Download Full Size | PDF

4.3 Retrieval algorithms

Finally, the reflectance convolution error was propagated through the retrieval algorithms described in Sect. 3.4. The results for the smf-a data set are shown in Fig. 8. As in the previous sections, the propagated error in Chl-a and TSM was a bias of a few percent. Its sign varied by data set and by algorithm; for example, for the seaswir-a data, VIIRS OC3 underestimated Chl-a ($\Delta \textrm {Chl-a} = -1.4_{-0.3}^{+0.7}$%) while CZCS OC3 overestimated it ($\Delta \textrm {Chl-a} = +0.8_{-0.1}^{+0.3}$%). The magnitude of the error was consistently on the percent level for all data sets and algorithms. These results are representative for most band-ratio algorithms, as discussed in Sect. 3.4.

 

Fig. 8. Propagated convolution error in the Chl-a (OCx, Ha+17) and TSM (LL+16) retrieval algorithms (Sect. 3.4), using the smf-a data set. The boxplots represent the error distribution within each data set as in Fig. 5.

Download Full Size | PDF

5. Discussion & conclusions

In this work, the effects of incorrectly convolving reflectance when simulating multispectral data (Sect. 2.) were investigated. While this error has been pointed out previously [29,32,34], it still commonly occurs in the literature (see Sect. 1.). Only one quantitative analysis was found, in which for one data set and one sensor the difference was found to be $\lessapprox$1% and neglected [29]. However, this result cannot be generalized to all data sets and sensors, as shown in this work.
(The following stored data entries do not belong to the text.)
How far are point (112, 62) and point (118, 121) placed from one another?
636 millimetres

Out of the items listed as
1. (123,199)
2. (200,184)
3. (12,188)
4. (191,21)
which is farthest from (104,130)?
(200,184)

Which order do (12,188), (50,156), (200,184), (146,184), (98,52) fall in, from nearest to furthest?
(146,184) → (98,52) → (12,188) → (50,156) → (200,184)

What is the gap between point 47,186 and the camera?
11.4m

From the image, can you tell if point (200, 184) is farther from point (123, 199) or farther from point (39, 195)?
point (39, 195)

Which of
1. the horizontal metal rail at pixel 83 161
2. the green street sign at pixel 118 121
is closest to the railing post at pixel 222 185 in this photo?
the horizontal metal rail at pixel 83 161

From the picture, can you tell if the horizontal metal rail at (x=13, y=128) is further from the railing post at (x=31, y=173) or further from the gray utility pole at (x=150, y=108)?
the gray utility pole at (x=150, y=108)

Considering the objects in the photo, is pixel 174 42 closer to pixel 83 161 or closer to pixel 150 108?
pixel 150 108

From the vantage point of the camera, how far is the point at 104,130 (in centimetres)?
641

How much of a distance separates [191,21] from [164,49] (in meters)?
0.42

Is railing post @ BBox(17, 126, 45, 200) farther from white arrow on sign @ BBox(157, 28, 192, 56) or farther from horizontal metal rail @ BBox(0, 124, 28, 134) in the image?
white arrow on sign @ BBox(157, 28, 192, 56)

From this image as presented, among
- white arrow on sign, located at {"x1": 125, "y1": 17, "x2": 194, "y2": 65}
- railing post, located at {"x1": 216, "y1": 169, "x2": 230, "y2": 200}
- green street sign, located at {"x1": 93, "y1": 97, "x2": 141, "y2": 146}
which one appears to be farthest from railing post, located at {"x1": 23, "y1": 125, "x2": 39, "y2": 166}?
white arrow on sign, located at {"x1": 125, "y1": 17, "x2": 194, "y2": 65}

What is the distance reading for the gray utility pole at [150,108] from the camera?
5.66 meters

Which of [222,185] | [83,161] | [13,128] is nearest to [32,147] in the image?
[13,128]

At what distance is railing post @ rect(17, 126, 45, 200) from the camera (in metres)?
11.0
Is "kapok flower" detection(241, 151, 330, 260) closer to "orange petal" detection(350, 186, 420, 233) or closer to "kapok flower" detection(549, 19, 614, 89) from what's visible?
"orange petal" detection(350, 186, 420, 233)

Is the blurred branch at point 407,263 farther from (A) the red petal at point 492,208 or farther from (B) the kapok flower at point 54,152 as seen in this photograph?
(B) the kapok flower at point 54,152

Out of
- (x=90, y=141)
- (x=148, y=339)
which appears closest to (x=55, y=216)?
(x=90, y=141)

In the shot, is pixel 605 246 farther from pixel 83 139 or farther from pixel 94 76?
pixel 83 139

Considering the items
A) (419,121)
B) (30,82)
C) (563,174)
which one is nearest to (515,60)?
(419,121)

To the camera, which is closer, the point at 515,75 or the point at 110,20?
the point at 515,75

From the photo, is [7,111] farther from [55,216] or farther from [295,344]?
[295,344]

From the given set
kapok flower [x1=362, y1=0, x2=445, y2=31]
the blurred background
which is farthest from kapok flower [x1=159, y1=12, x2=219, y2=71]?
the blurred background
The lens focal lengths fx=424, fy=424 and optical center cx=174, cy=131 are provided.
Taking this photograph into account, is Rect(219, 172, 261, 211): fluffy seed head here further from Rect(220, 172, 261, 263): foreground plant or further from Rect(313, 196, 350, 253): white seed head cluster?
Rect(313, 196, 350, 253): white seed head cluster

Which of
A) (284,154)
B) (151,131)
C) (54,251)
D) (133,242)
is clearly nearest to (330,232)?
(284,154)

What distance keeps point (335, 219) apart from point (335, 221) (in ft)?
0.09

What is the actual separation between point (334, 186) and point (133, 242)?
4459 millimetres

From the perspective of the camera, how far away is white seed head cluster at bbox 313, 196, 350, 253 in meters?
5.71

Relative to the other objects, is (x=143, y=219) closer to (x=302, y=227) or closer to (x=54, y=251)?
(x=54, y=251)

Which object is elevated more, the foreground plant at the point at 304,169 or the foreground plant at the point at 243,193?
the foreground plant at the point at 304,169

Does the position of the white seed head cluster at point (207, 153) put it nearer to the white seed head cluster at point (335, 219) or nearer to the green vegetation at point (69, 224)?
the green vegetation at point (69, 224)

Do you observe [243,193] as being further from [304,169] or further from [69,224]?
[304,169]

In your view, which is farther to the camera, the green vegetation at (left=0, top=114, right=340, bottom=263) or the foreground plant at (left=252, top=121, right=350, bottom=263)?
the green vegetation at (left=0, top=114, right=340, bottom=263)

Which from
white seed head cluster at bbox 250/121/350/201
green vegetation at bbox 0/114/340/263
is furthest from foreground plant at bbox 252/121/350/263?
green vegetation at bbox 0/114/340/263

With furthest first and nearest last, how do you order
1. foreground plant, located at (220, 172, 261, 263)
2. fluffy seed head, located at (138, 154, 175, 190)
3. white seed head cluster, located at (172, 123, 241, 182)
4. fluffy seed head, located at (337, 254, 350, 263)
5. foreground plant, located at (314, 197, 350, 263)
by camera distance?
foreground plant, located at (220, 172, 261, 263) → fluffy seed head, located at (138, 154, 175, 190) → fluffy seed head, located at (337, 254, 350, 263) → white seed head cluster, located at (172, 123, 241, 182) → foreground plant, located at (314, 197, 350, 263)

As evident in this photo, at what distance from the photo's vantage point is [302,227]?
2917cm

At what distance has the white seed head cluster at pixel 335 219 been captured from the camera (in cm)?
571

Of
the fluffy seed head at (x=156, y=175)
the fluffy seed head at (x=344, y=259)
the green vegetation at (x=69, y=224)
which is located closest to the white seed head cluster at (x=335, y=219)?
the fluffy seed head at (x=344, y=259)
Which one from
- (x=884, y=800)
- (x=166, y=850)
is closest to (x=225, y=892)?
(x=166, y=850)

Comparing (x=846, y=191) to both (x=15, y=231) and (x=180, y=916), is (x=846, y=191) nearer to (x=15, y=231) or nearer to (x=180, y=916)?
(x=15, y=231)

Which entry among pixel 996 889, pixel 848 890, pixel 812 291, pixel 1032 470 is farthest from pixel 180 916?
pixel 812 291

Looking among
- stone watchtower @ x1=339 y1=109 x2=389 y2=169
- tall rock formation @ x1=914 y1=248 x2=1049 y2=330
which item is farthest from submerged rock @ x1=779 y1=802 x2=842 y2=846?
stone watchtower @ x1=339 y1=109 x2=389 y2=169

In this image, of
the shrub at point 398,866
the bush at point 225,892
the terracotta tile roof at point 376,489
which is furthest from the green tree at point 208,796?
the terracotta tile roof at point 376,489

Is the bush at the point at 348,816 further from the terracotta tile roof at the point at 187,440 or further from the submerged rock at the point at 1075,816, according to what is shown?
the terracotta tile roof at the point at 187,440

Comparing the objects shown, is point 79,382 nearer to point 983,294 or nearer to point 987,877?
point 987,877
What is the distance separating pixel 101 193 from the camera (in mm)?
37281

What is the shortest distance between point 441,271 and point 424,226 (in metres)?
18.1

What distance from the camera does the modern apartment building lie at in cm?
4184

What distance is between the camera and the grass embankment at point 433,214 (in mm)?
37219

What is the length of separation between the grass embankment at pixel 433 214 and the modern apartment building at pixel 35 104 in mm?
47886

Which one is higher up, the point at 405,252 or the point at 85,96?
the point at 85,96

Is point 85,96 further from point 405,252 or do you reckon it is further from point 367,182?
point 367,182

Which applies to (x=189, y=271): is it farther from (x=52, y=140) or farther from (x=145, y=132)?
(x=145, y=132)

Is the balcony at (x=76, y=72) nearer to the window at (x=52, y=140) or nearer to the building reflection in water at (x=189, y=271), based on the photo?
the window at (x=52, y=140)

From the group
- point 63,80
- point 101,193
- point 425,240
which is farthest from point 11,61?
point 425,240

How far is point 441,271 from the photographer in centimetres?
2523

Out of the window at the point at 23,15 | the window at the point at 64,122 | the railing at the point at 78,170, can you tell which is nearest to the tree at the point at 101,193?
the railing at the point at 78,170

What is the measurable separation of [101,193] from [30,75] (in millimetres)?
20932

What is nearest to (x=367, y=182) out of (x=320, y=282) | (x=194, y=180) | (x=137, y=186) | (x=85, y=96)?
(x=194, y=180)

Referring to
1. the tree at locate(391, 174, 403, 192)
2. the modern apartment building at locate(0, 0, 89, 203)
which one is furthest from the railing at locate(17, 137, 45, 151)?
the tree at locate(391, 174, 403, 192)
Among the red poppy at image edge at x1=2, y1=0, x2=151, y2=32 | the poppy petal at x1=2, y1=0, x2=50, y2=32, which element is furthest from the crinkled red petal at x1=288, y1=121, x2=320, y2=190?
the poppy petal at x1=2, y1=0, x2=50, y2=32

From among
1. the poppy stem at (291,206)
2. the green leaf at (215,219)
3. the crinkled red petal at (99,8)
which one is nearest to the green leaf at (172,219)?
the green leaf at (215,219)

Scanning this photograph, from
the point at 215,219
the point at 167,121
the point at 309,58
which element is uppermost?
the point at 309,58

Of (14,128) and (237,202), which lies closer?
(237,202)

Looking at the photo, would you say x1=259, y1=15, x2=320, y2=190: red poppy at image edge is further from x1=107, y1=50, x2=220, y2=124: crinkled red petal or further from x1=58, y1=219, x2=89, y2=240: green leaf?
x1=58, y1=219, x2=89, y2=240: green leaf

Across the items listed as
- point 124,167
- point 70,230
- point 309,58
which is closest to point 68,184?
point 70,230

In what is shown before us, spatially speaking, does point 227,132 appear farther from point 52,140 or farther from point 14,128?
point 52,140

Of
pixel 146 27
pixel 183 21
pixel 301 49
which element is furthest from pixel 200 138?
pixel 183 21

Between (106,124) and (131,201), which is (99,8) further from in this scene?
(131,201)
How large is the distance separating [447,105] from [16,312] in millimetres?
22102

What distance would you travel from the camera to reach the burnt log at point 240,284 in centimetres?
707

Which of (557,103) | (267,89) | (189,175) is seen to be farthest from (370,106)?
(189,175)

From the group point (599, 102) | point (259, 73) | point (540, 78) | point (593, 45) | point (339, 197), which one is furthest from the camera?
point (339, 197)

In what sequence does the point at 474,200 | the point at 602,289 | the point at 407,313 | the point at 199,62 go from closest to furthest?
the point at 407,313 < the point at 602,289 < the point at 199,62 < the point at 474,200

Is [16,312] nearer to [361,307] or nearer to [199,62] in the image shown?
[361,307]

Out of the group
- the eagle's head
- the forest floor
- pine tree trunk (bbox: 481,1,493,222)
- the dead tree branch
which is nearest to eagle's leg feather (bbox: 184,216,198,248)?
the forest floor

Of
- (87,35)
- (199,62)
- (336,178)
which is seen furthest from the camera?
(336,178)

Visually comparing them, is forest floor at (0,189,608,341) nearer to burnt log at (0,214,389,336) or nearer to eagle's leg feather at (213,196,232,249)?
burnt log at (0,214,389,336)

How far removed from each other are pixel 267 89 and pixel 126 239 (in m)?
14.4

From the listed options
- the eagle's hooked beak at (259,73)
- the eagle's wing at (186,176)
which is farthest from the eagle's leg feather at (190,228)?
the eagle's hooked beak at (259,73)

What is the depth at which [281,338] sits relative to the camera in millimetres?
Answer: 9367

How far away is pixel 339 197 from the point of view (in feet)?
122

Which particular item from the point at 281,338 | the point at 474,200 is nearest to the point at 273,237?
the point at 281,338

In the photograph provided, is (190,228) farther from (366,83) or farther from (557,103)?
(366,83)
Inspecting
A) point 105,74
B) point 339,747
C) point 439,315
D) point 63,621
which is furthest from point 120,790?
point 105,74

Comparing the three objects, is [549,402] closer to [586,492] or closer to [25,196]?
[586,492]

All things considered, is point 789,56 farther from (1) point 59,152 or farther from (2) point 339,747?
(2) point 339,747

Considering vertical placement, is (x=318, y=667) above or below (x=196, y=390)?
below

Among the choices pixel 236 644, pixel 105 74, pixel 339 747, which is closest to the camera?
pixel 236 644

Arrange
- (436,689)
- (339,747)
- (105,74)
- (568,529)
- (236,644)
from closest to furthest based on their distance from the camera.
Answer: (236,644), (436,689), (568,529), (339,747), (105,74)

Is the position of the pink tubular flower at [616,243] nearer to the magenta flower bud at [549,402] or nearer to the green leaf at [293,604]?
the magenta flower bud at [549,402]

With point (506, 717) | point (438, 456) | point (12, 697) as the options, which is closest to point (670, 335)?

Significant errors, up to several percent, in the remote sensing reflectance ($\Delta \bar R_{rs}$) were found for all data sets and sensor bands (Sects. 4.1 and 4.2). The error was largest near features in the input spectra, particularly peaks in the derivative of $E_d$ ($\textrm {d} E_d / \textrm {d} \lambda$), and for sensors with wide FWHMs, especially low-cost sensors (Sect. 4.2.1). For example, in the narrow (FWHM $\approx 10$ nm) OLCI bands, $|\Delta \bar R_{rs}| \lessapprox 0.1$%, while in the wide (FWHM $> 50$ nm) R bands of low-cost sensors, $|\Delta \bar R_{rs}| > 5$% for >5% of the spectra. Furthermore, the magnitude and sign of $\Delta \bar R_{rs}$ differed significantly between data sets due to varying spectral shapes.

Since uncertainty requirements are typically $\pm 5$% for satellite-derived $R_{rs}$, and even stricter for validation data [40], errors on this scale are significant. Moreover, the error was typically a bias, causing a systematic over- or underestimation of $\bar R_{rs}$ and derived products. Preventing such biases is crucial to obtain representative data [40]. Finally, the convolution error is important simply due to its prevalence in the literature [1,3–5,11,13,17,18,20–22,24,30,31].

If not prevented, the convolution error will create dubious patterns in combined time series. Depending on the data set and sensor, the convolution error is similar to or larger than errors found in existing band-shifting algorithms for combining multispectral time series [10,12]. With the launch of PACE, for which time series extension is a primary goal [14], this effect must be accounted for to achieve desired uncertainty requirements [32,40].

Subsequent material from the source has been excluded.